2. Description of the Prior Art
The patent, textbook and periodical literature describes a wide assortment of MTI radar systems. Fundamentally, MTI radar systems operate by examining signal returns resulting from successive transmitted pulses. Some type of cancellation, applicable to fixed returned signals corresponding to non-moving targets, or some type of filtering is employed to reject signals corresponding to non-moving targets. In the broadest sense, filtering may be said to include a wide variety of discriminatory devices ranging from frequency-chirp matched filters, Doppler component filters, and long period storage devices as used in some types of MTI systems.
A review of the prior art in respect to MTI radar may be conducted by examination and study of Chapter 17 of the text entitled "Radar Handbook" by Merrill Skolnik, a McGraw-Hill book (1970). That reference provides a bibliography of additional references and will serve to acquaint the reader not only with the current state of the MTI art, but also to apprise him of the problems confronted by the designer in that particular art.
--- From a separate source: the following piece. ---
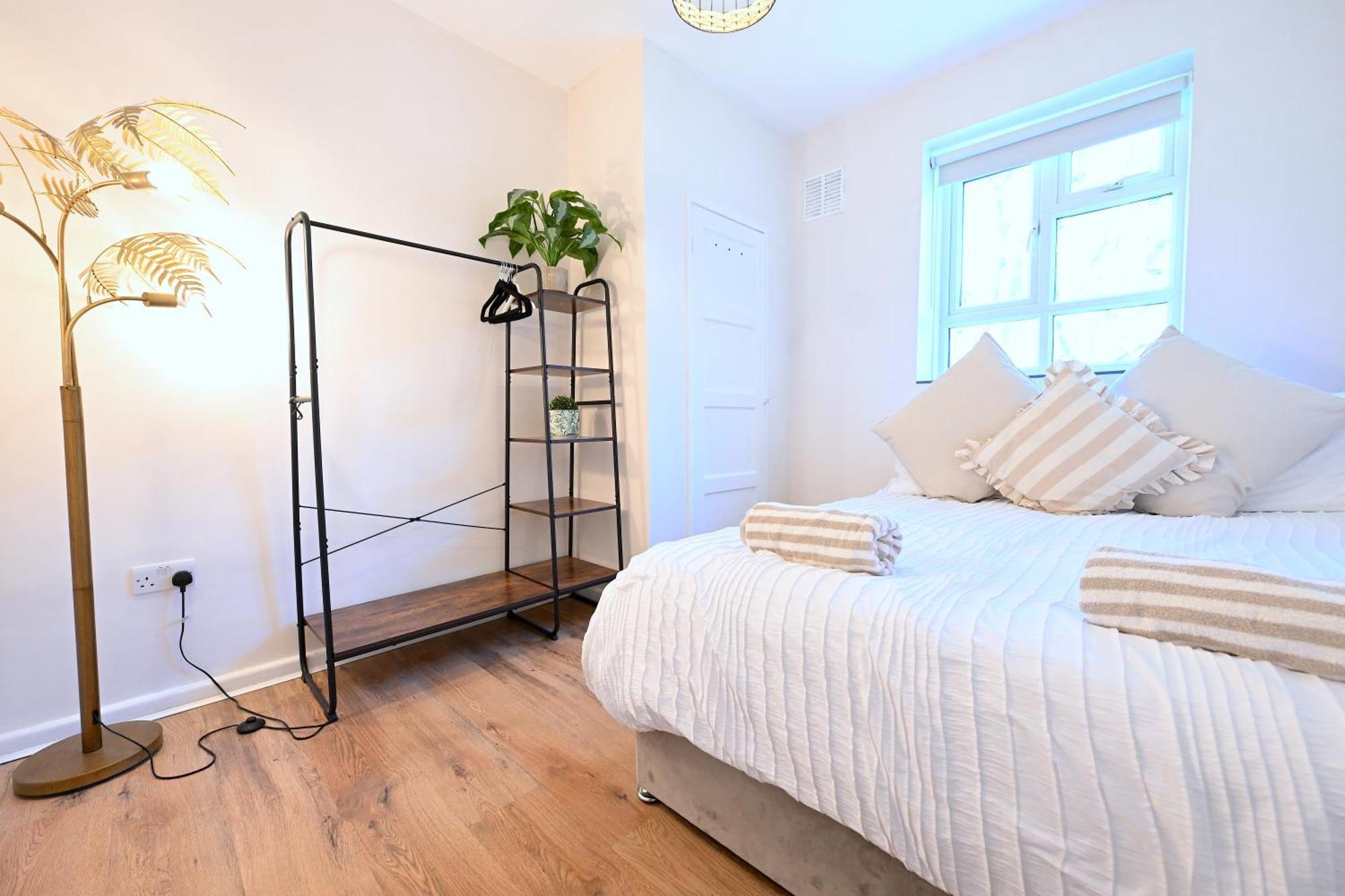 3 Minutes To Tower Of Trendy Shoreditch Recently Refurbished 3 Bedrooms Sleeps 8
Since the present invention makes use of the concepts of transmitted pulse "chirp" and receiving system pulse compression, Paragraph 17.15 of the aforementioned reference is of particular background interest. The reader is also directed to the textbook "Modern Radar Analysis, Evaluation, and System Design" by Raymond S. Berkowitz, a John Wiley and Sons book (third edition, August, 1967). In that particular reference book, the whole of Chapter 2 of Part IV is devoted to the subject of linear f-m pulse compression, which is useful background information in understanding the present invention.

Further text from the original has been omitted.